ACTIVITY:
With no words added or dropped, transcribe the listing that follows.
=== Section Start ===
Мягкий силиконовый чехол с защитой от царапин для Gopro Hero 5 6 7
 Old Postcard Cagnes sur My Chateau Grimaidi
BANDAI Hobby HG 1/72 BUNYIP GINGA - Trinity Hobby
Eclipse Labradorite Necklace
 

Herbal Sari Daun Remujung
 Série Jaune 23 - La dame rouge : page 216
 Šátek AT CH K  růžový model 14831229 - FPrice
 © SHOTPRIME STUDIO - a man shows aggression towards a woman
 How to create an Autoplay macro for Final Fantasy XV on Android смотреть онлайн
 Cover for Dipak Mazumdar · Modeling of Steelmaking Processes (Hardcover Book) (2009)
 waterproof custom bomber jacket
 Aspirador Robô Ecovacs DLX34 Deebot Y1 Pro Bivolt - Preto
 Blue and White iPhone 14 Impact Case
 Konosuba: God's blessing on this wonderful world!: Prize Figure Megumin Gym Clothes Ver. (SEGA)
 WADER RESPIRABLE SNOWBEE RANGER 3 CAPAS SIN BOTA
=== Section End ===
ANSWER TO THIS PROBLEM:
Мягкий силиконовый чехол с защитой от царапин для Gopro Hero 5 6 7
 Old Postcard Cagnes sur My Chateau Grimaidi
BANDAI Hobby HG 1/72 BUNYIP GINGA - Trinity Hobby
Eclipse Labradorite Necklace
 

Herbal Sari Daun Remujung
 Série Jaune 23 - La dame rouge : page 216
 Šátek AT CH K  růžový model 14831229 - FPrice
 © SHOTPRIME STUDIO - a man shows aggression towards a woman
 How to create an Autoplay macro for Final Fantasy XV on Android смотреть онлайн
 Cover for Dipak Mazumdar · Modeling of Steelmaking Processes (Hardcover Book) (2009)
 waterproof custom bomber jacket
 Aspirador Robô Ecovacs DLX34 Deebot Y1 Pro Bivolt - Preto
 Blue and White iPhone 14 Impact Case
 Konosuba: God's blessing on this wonderful world!: Prize Figure Megumin Gym Clothes Ver. (SEGA)
 WADER RESPIRABLE SNOWBEE RANGER 3 CAPAS SIN BOTA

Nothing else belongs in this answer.